Das Baugrundstück, fertig erschlossen, Rand von Hamburg. Wohneigentum als Kapitalanlage, weißt du, wir wohnen dann im Alter mietfrei. Das ist die beste Altersvorsorge. Von der BfA kommt ja nicht viel. Sie waren eigentlich jung, und sprachen unvermittelt viel übers Alter. Also er. Sie hörte zu. So ging bei ihnen «sprechen über». Walmdach, Carport, Eingangsbereich. Fußbodenheizung, Mörtelbatzen, Teilunterkellerung. Sie hörte zu. Wie friedlich ihn die Wörter machten. Sie merkte etwas wie Vorfreude in sich, oder Vor-Erleichterung, sie machte sich ihre eigenen Wörter.
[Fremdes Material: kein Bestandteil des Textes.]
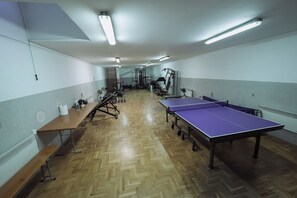 A gym with exercise equipment, a ping pong table, and benches.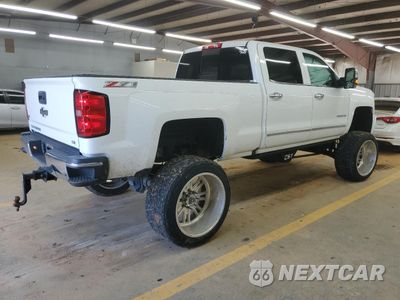 Trzecie zdjęcie samochodu z tyłu: 2016 CHEVROLET SILVERADO K2500 HEAVY DUTY LTZ VIN:1GC1KWEG1GF277514 - miniatura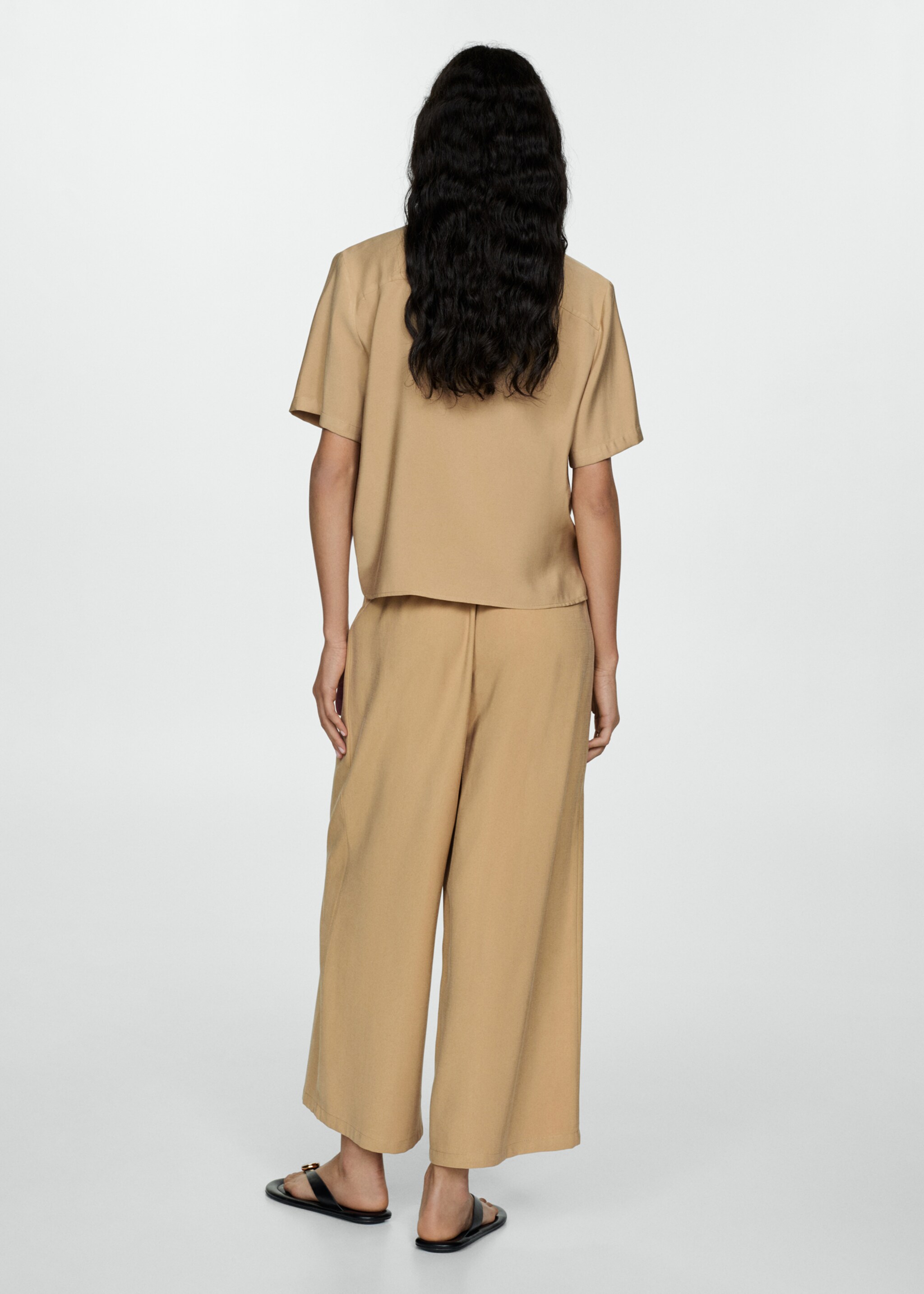 Wideleg trousers with elastic waist - Reverse of the article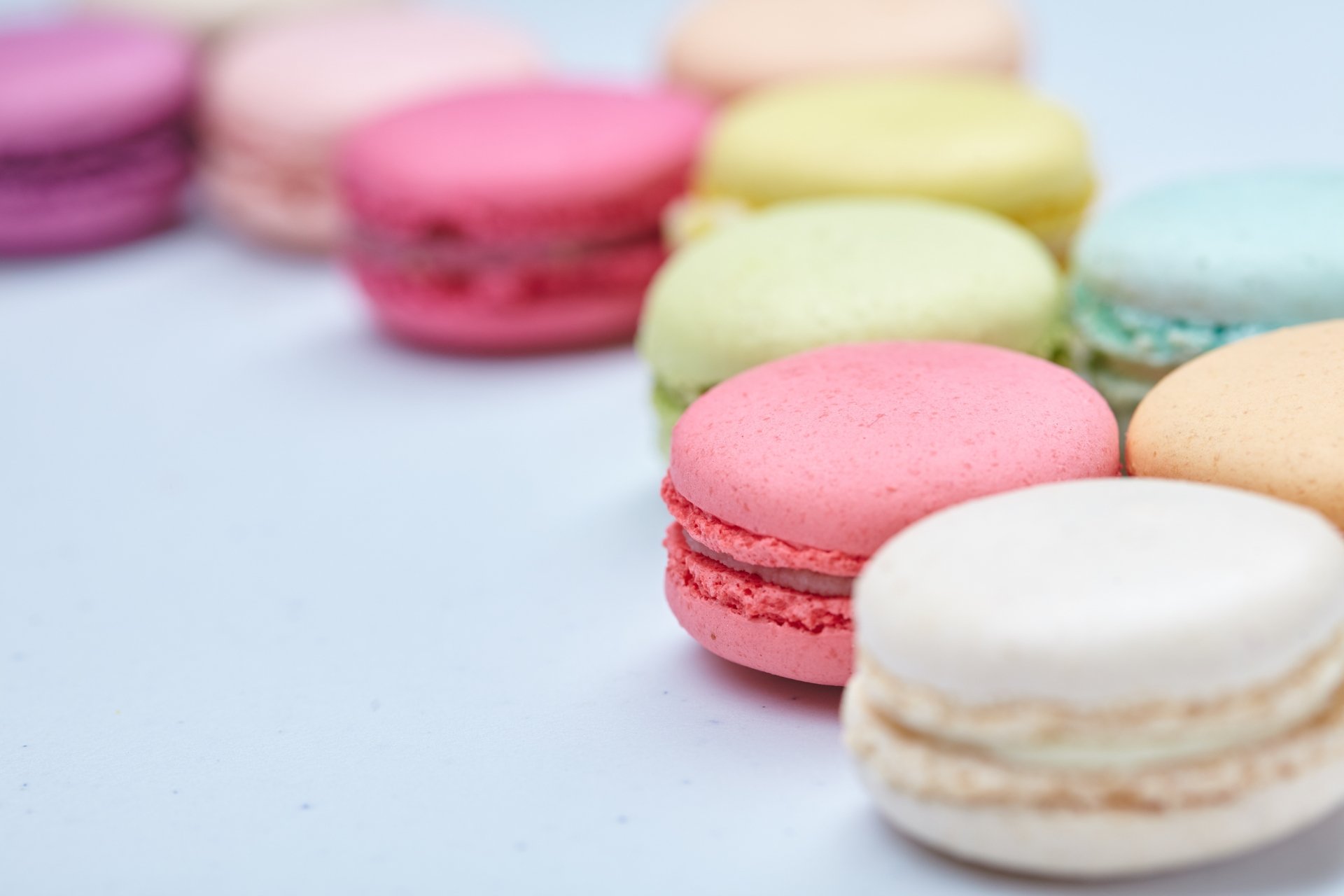 Close-up of colorful macarons arranged on a light surface, captured in stunning 4K Ultra HD, making an appealing sweet food desktop wallpaper and background.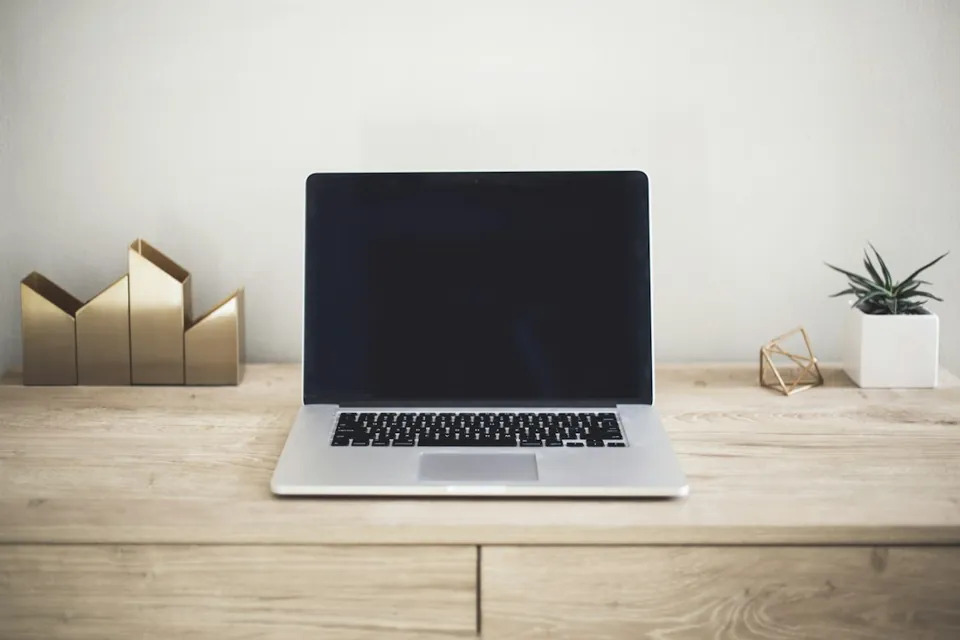 Business laptop illustrating the equipment specification for a procurement enquiry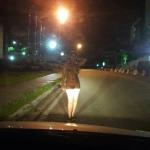 laura16 in front of car at night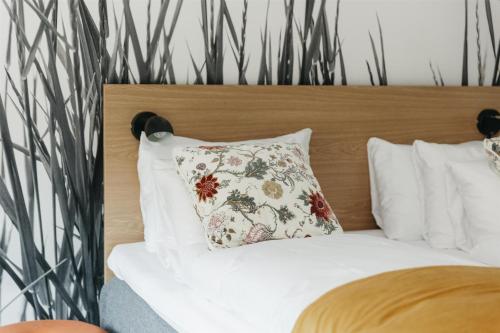 a bedroom with a bed with a pillow on it at Best Western Plus Kalmarsund Hotell in Kalmar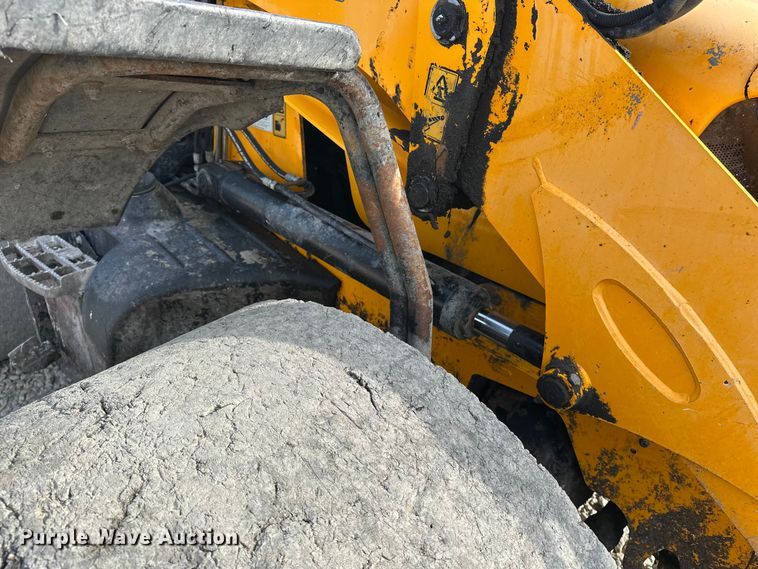 image for item EA4875 2010 JCB 4CX15-T backhoe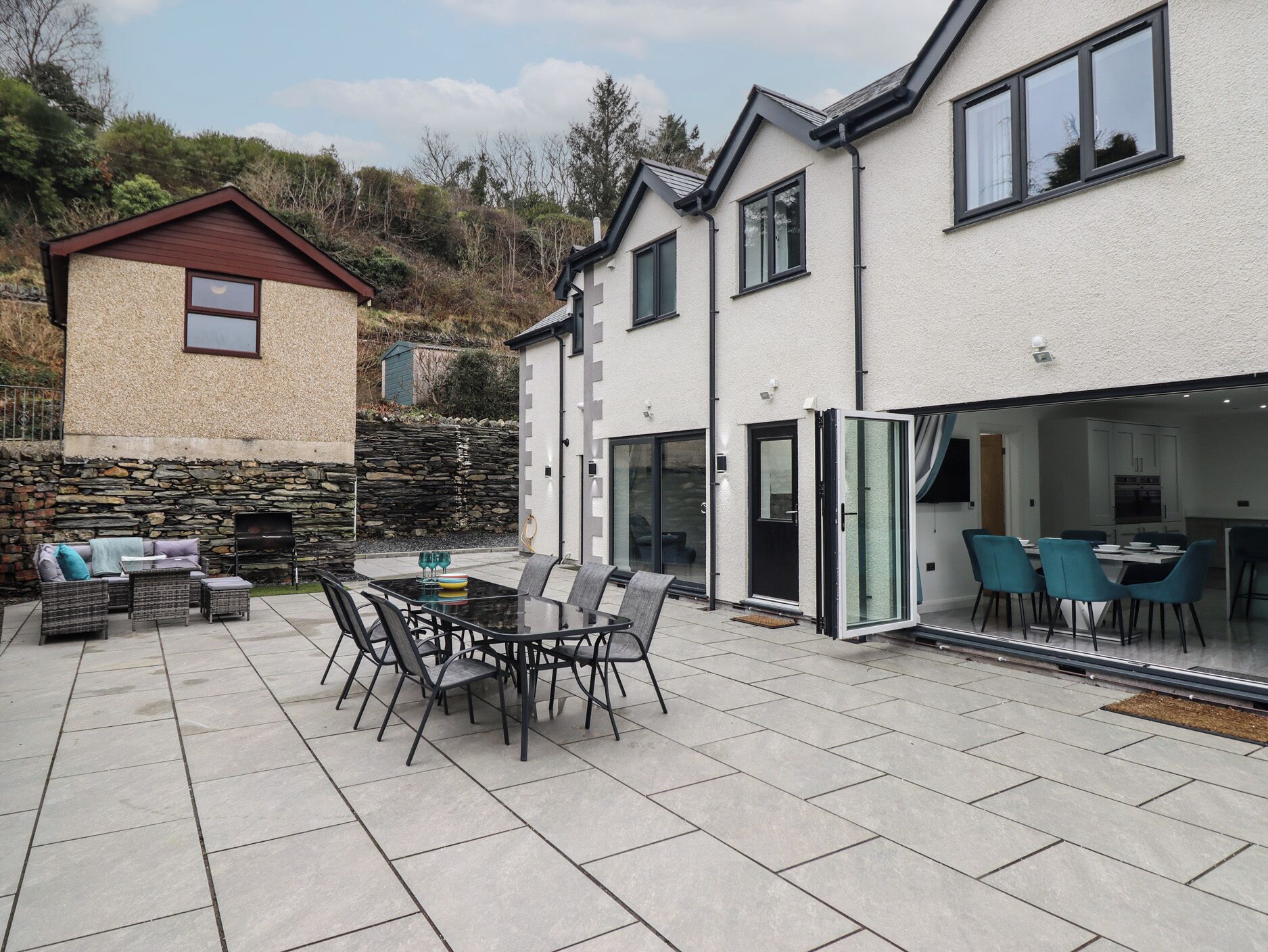 A patio with a dining table and chairs, a stone wall, and a small building with a sloped roof.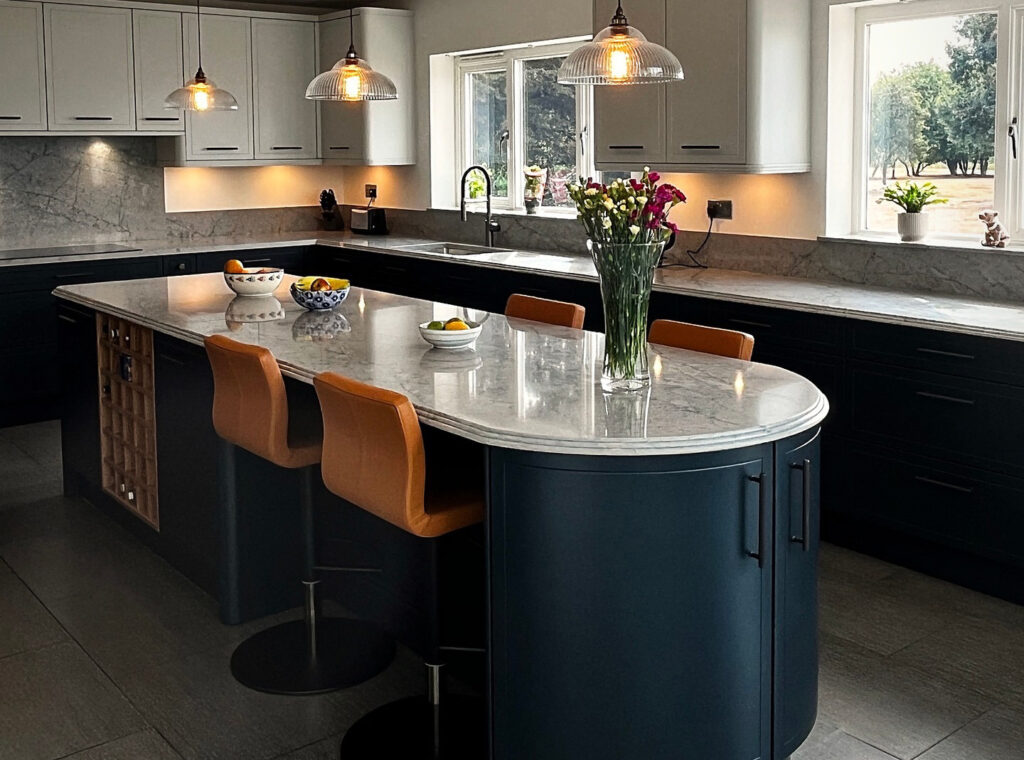Modern kitchen featuring a marble-look quartz island with curved edges.
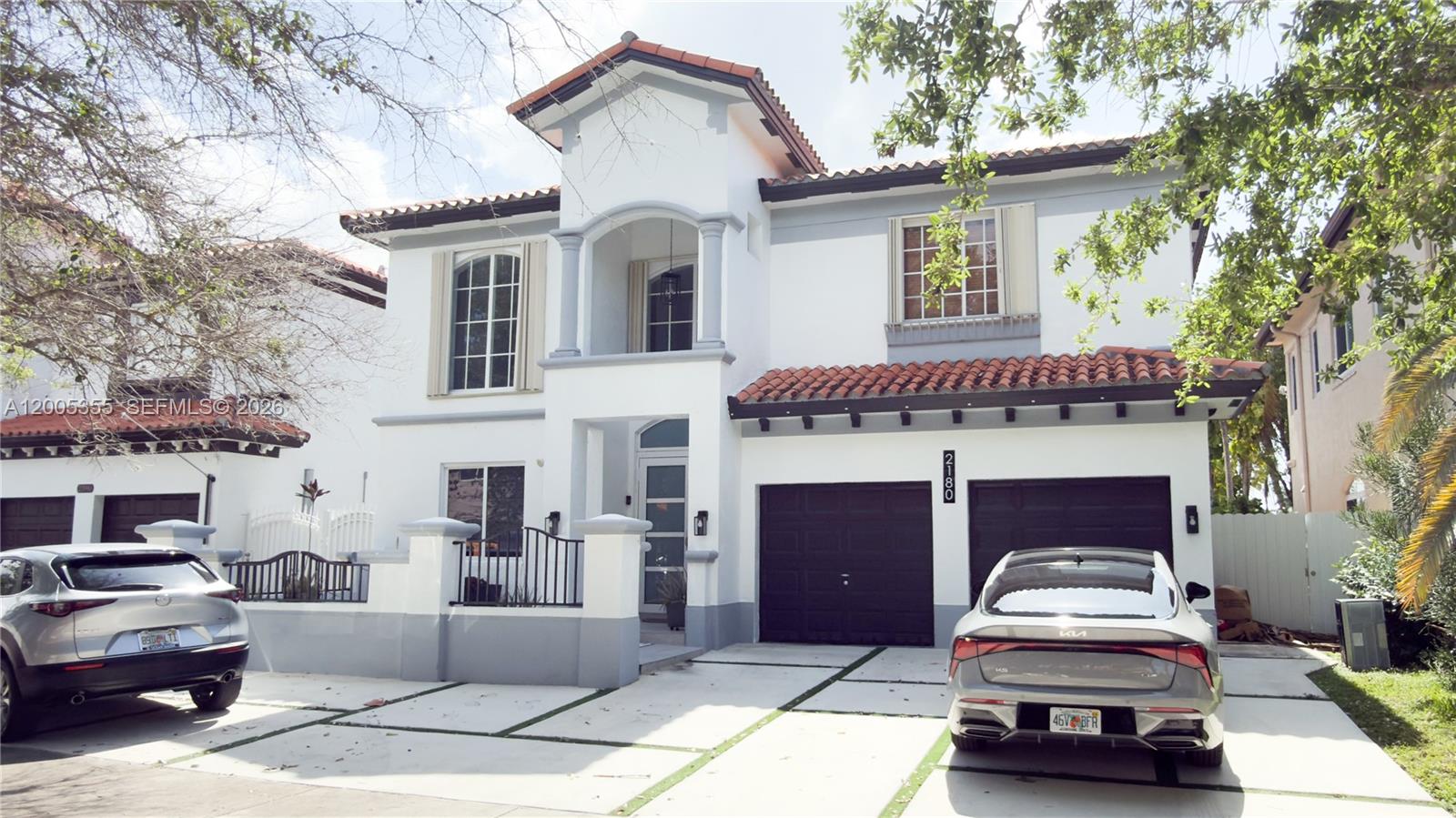 A two-story white house with a tile roof, two garage doors, and two parked cars — 2180 SW 152nd Pl, Miami FL 33185, MIAMI, FL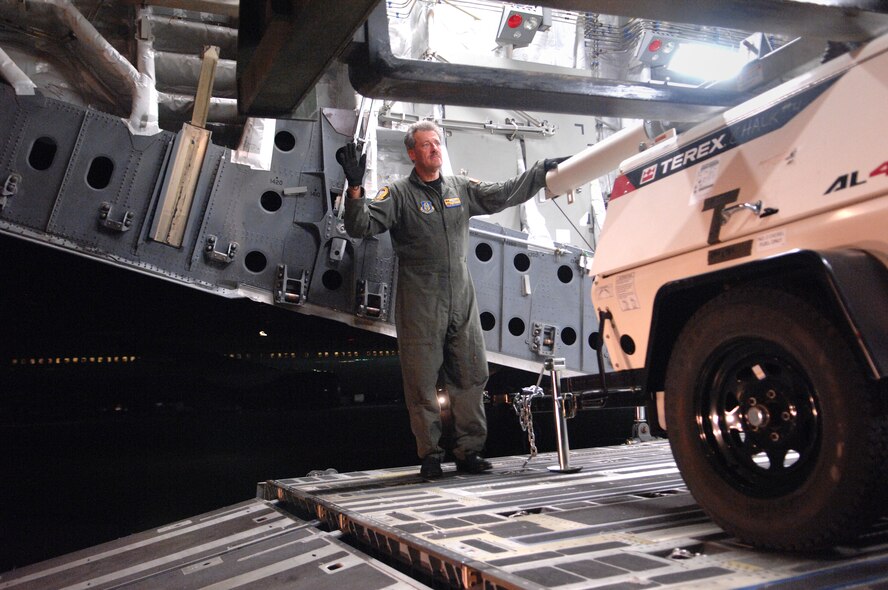 U. S Air Force Senior Master Sgt. William J. Lamela, Load Master for a C-17A Globemaster from the 729th Airlift Squadron, out of March Air Reserve Base, directs the off loading of equipment and supplies Sunday, January 17th, 2010, at the Port-au-Prince International Airport, Haiti. The C-17A and crew, both out of the 452nd Air Mobility Wing at March Air Reserve Base, are taking part in the massive international effort to assist in rescue, recover and humanitarian efforts following a 7.0 earthquake. President Barack Obama ordered a swift and aggressive rescue effort.  The January 12, 2010 quake, centered near the island nation's capital of Port-au-Prince, has left untold numbers of residents homeless, injured or dead.(U.S. Air Force photo by Master Sgt. Dawn Price/released)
Vielleicht würde es dann aufhören. Besser werden. So nannte sie das, wenn sie ihrer Mutter davon erzählte oder Freundinnen: Er ist manchmal so gereizt. Aber es wird besser. Es ist ja auch alles superstressig gerade. Er hat ja nicht mal Zeit für seine Hobbys.

So gereizt: ganz schön ruppig.

Ganz schön ruppig: gleich so aggressiv.

Gleich so aggressiv: Ja, wenn du dich mir in den Weg stellst.

Ja, wenn du dich mir in den Weg stellst: beiseitegeschoben.

Beiseitegeschoben: weggeschubst.

Weggeschubst: mit dem Kopf gegen den Küchenschrank.

Na ja, komm. Wenn du mich hier in die Ecke drängst.

 

Aber der Küchenschrank, das war in der alten Wohnung. So ein Hängeschrank, der da schon hängt, wenn man reinkommt, bei der ersten Besichtigung, und die Vormieterin will dreitausend Euro Abstand für die Küche, die aber eben in Wahrheit nur aus diesem Küchenschrank besteht und aus einem niedrigen Kühlschrank, Krümel im Drei-Sterne-Fach.

Der Küchenschrank kommt als Erstes raus, das sagte sich so leicht.

Der Küchenschrank hängt dann da bis zum Schluss, immer noch, vielleicht ist er das Letzte, was du siehst beim Auszug. Vielleicht. Vom Winkel her käme es hin, Blickachse von der Wohnungstür in die Küche.

Im neuen Haus aber, endlich alles neu: Einbauküche, Küchenzentrum, Küchenzeile von der Küchenmeile an der A1. Neubau, Neuanfang, neuwertig. Der Rohbau Beton, die Fassade vorgeklinkert, die matten Steine in einem Beigegelb, das natürlicher aussehen könnte.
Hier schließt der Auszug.